How to Write a Good History Essay

"Why did things happen the way they did?" (not, "What happened?") is the sort of question that needs to be answered in an effective history essay. Answering the question entails not just gathering facts and dates, but explaining the connections between them. Explaining these causes in an essay does require a firm command of facts, but it also requires organization and creativity. A well-organized essay that clearly lays out the question it will answer and creatively answers it will certainly get the A.

Instructions

    • 1

      Find out what question you're going to answer. This will be easy if your instructor has told you to explain the relationship between the American South's economic structure and the advent of the Civil War. It may be a bit more difficult to handle if you have to craft a thesis on your own. Here's a good procedure to follow to get the juices flowing.

    • 2

      Pick a set of facts -- names, places, dates and events -- that seem interesting to you, and see if you can provide some satisfactory explanation of what links them together. One of the most important questions to ask in history is: What caused what? If ideas about democracy alone didn't cause the French Revolution, what did? Bread prices? Louis XVI's personality? The American Revolution's inspiration? Of any historical question, you can ask: Were material causes or big ideas more decisive? Who allied with whom, and why? Were certain key figures or vast trends more decisive?

    • 3

      Create a specific thesis. A thesis should be a statement that someone might be able to disagree with. It should also be something that you can demonstrate convincingly. If you say, "After fighting in the American Revolution, Lafayette helped start one in France," no one will disagree with you.

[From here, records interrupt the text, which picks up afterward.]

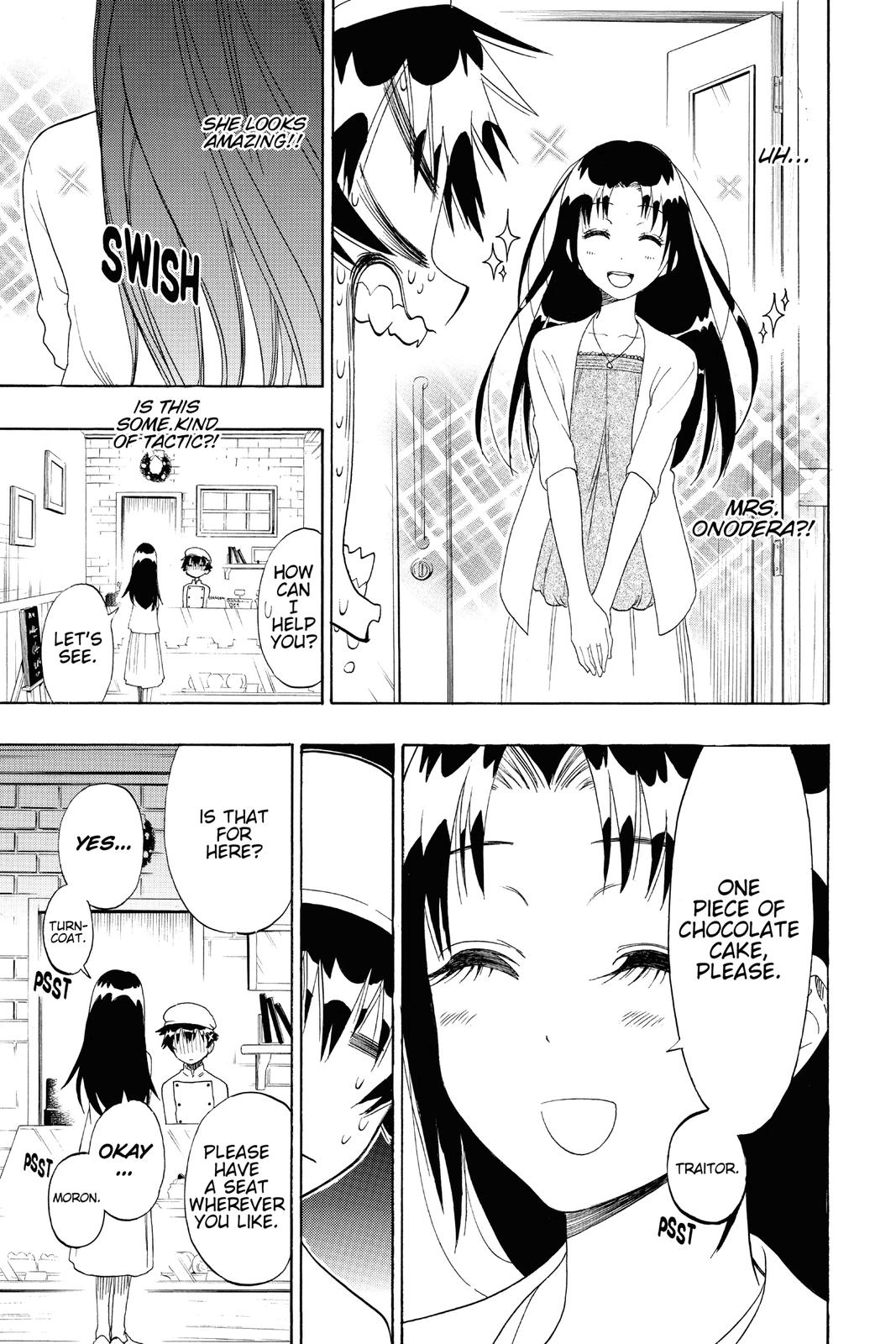 Nisekoi Chapter 101 Page 7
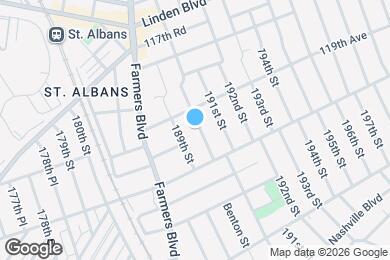 Map image of the property - 11922 190th St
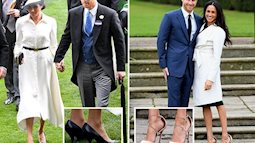 Vì sao Công nương Meghan Markle luôn đi giày rộng hơn cỡ chân?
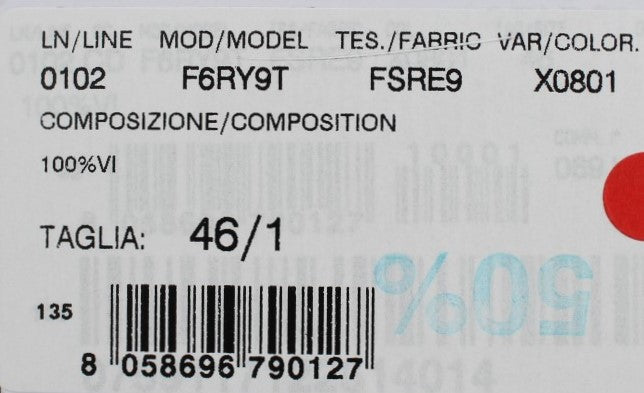 Pantalon en soie multicolore Majolica Sicily de Dolce & Gabbana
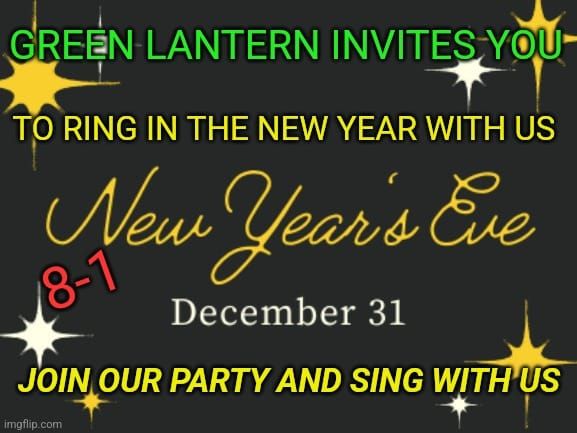 New Years Eve party 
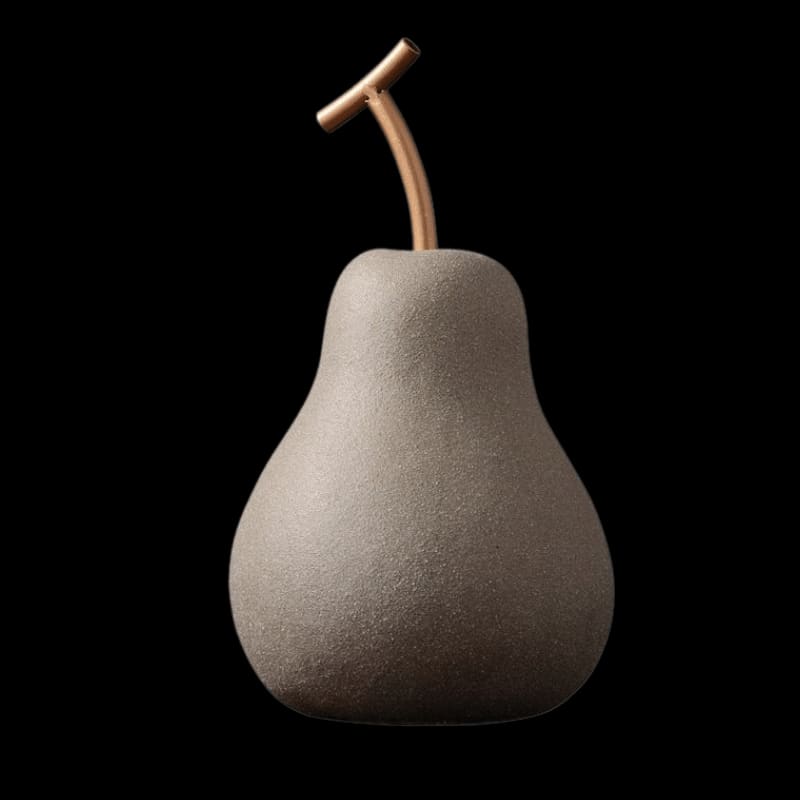 Modern Sculpture <br/> Design Apple & Pear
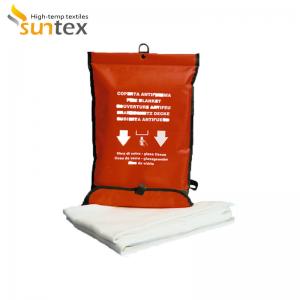 Best Welding Protection Fiberglass Aluminum Foil Heat-resistant Blanket Fire Extinguishing Blanket wholesale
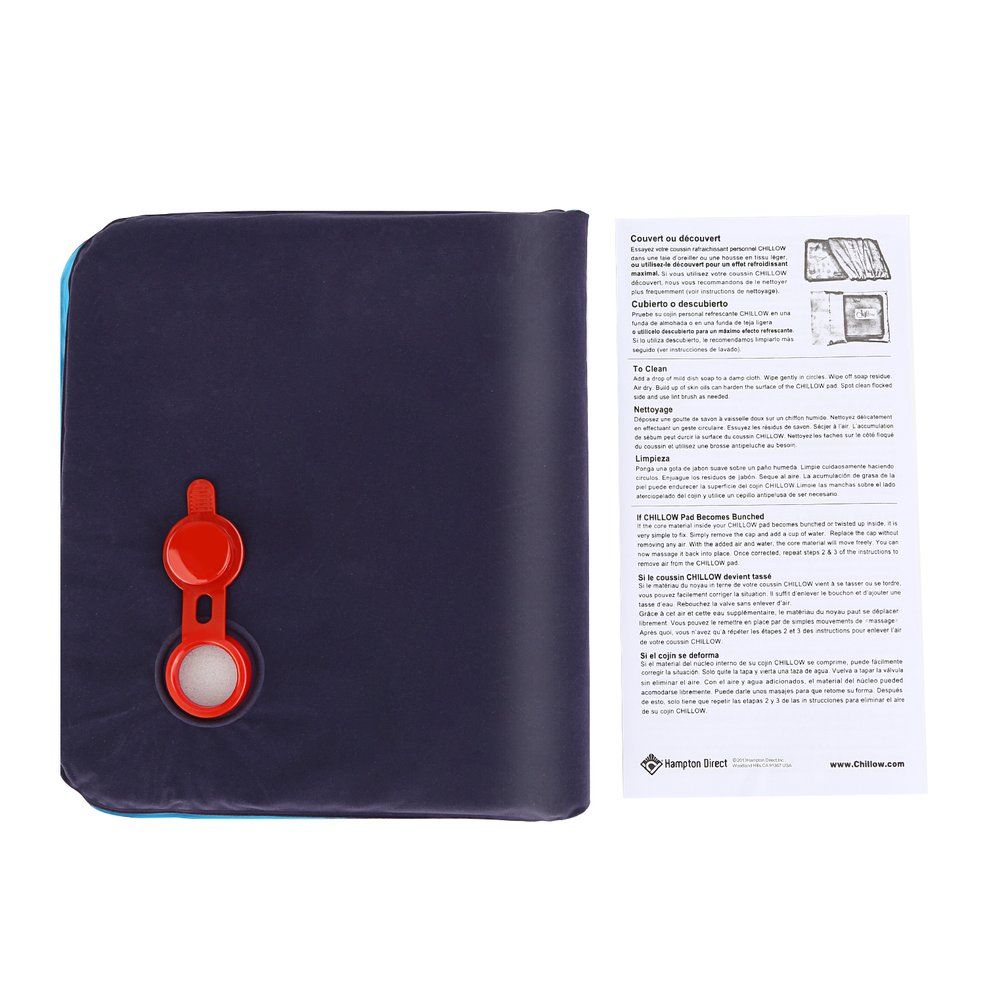 Comfortable Summer Cool Sleeping Aid Pad Mat Cooling Gel Pillow Ice Pad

There's no reason to write the paper. If you say, "Lafayette's actions in the Champs de Mars Massacre illustrate the ultimate irreconcilability of the American Revolution's values with the situation in France," your reader will probably not have thought that the Champs de Mars Massacre was that significant, and will want to read on. But don't say, "Lafayette's actions at the Champs de Mars Massacre doomed the Revolution," because you can't prove that.

    • 4

      Organize your paper with an outline before you start writing. You can either do this by writing a conventional outline, or simply by making sure you have a coherent topic for each paragraph and several facts.

    • 5

      Lay out some kind of interesting connection in each topic sentence, and in each paragraph, demonstrate the nature of the connections, using facts, dates and, if necessary, references to other historians. Think of each paragraph as a mini-thesis: if your topic sentence is too broad or unremarkable, focus it so that you have something to prove in the sentences that follow.

    • 6

      Conclude with a summary of your main points, and mention any possible avenues for future research. If you notice any other difficult problems, that you hadn't before, as you do your research and develop your argument, this is the place to point these out. A good paper builds solidly on previous research and paves the way for research to come.